A quase 4000 metros de altitude, rodeado de vulcões na distância que facilmente tocam os 5000 metros, este planalto absolutamente seco, branco, reverberante, desértico, alucinado é uma das paisagens mais estupendas do mundo. As anomalias na paisagem não param de nos surpreender: furnas activas no meio do gelo, lagoas radioactivas de cobalto, desertos de sal, flamingos imóveis no frio austral, alpacas a pastar no sopé de vulcões perfeitos.
Inscrevi-me num tour que durante alguns dias se enfiava neste universo de mistério e desolação. “Tour” era um eufemismo para descrever o programa de uma agência de Uyuni que ia agregando mochileiros em grupos de quatro à medida que iam chegando à agência; os enfiava num jeep em mau estado; e os enviava num circuito onde serviço, conforto e informação no terreno eram deploráveis ─ mas a paisagem fazia esquecer tudo isso. Lembro- -me de ter comprado algumas garrafas de vinho branco argentino e, pensando bem, esse foi o melhor negócio, em termos de vinho, que fiz na vida. Por um lado, a recente bancarrota argentina baixara o preço dos produtos argentinos para um terço do seu valor ao câmbio do euro; por outro, um copo desse chardonnay a 4000 metros de altitude equivalia a três ou quatro copos ao nível do mar. Assim, posso dizer que paguei por esse vinho que bebi no Salar de Uyuni um sétimo do valor que estaria disposto a dar por ele.

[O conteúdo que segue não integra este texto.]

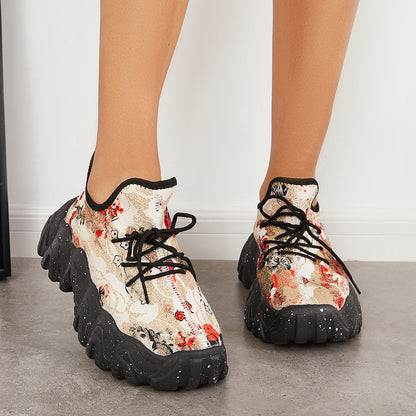 Chic Orthopedic Sneakers with Unique Design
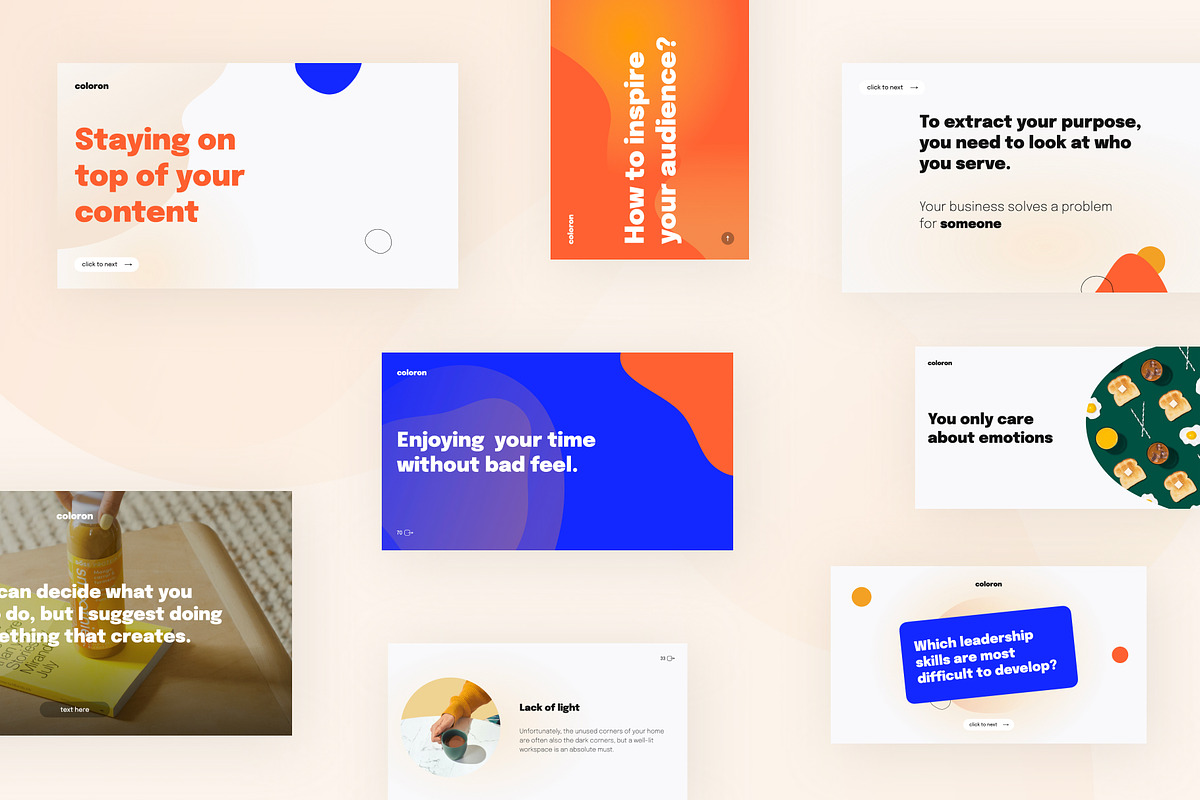 Coloron Creative PowerPoint Template, a Presentation Template by Vladislav Muslakov (Photo 4 of 16)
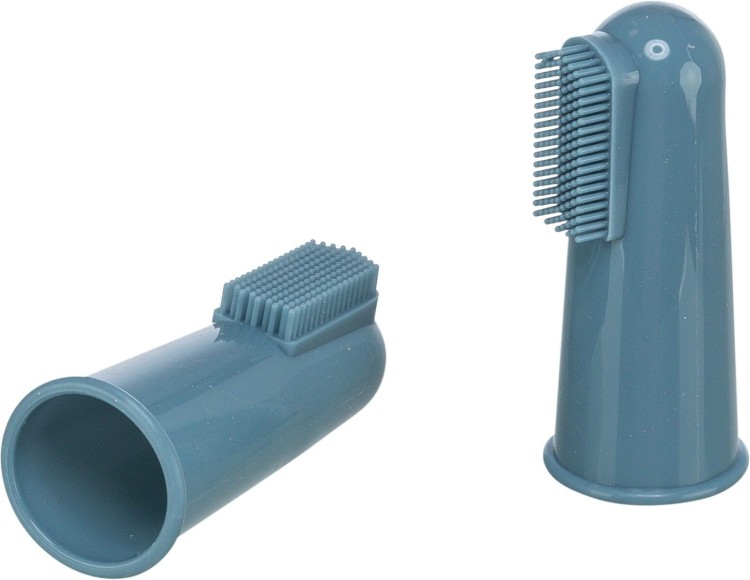 Zestaw silikonowych szczoteczek do zebów dla psa/kota, 6cm, 2 szt.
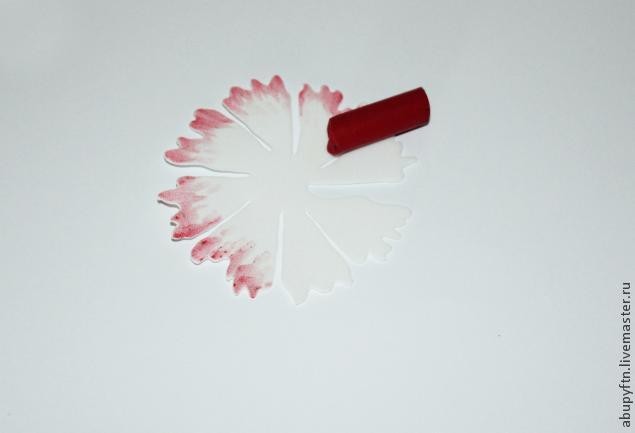 ​Пион из фоамирана своими руками: часть 1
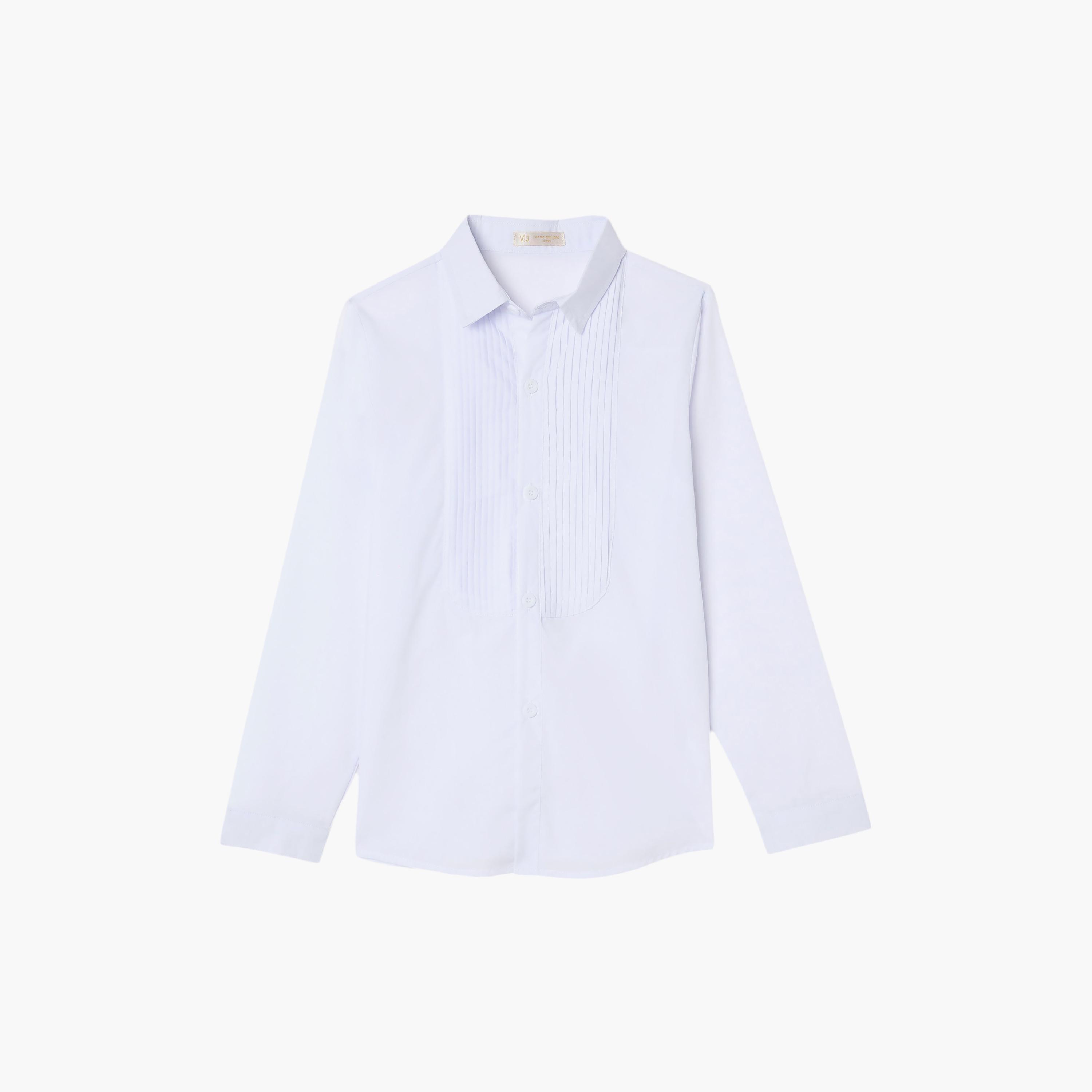 Victor and Jane 4-Piece Full Sleeves Shirt with Waistcoat & Trousers Set-boys-clothing-setsandcoords-image-9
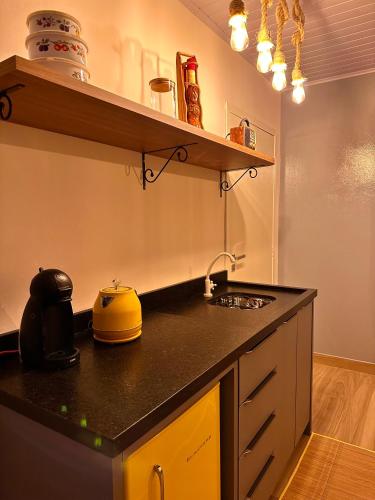 virtuve, La vita hospedaria studio amarelo in Nova Veneza (Santa Catarina)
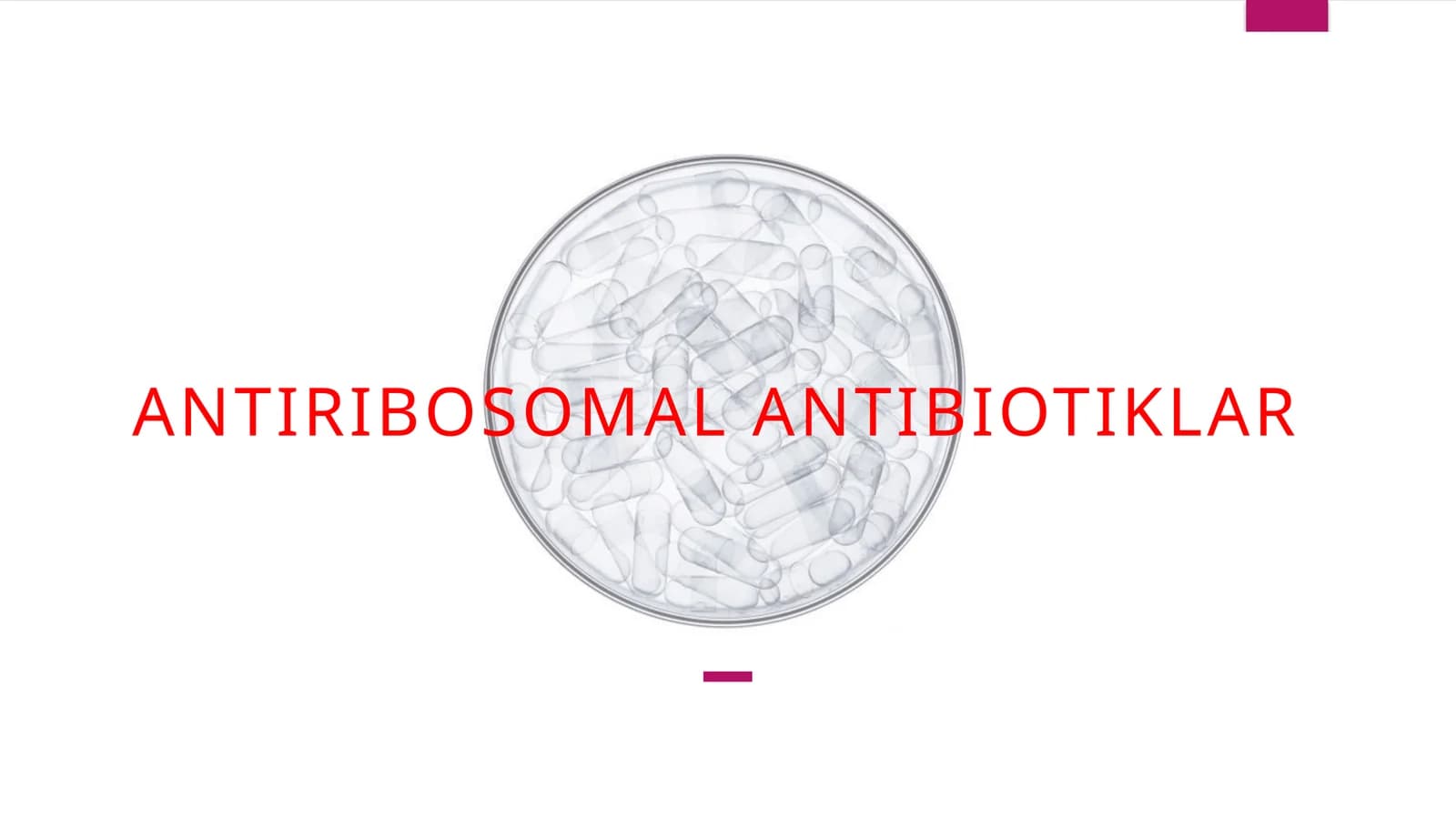ANTIRIBOSOMAL ANTIBIOTIKLAR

Talvez pela altitude, talvez pela ausência de referências visuais, talvez pelo espírito surreal do lugar, tive durante esses dias alguns dos encontros mais bizarros da minha vida. Um deles foi o señor Quesada, motorista, guia quase mudo e cozinheiro falhado do tour. Para além de não ter ficado a saber quase nada nem dele nem do Salar, recordo de o ver adormecer ao volante, depois de lhe ter oferecido um copo de vinho branco ao almoço, durante vinte minutos enquanto o seu jeep continuava certinho a seguir em linha recta pela superfície lisa e sem solução de continuidade do Salar. Outro encontro absurdo foi com três cicloturistas holandeses que pedalavam desde o nada em direcção ao nada, felizes pela existência de um lugar tão plano como a Holanda, apenas com a pequena diferença de uns 4000 metros de altitude. Quase inexcedível na tabela das experiências inqualificáveis foi o encontro ocasional e sem troca de palavras com um mineiro sozinho ao ar livre no meio de um vazio absoluto a escavar sal da terra, que ia acumulando em montinhos triangulares de uma perfeição inútil e comovente.
O cúmulo dos encontros surpreendentes, no entanto, deu-se uma noite em que saí do bunker que servia de hostal para fazer xixi, evitando o w.c. comunal que era irrespirável. Avancei pelo planalto cautelosamente enquanto a minha vista se adaptava à escuridão. Descortinei na distância um monte de pedras, achei que era o lugar ideal para fazer de urinol. Na realidade o monte de pedras era um pequeno nicho onde séculos antes tinha sido depositado um cadáver. Há vários, na região. O arrepio enquanto urinava foi duplo: pelo frio brutal dos 4000 metros e pela imagem surreal de uma múmia com centenas de anos a olhar para mim enquanto eu fazia xixi para cima dela.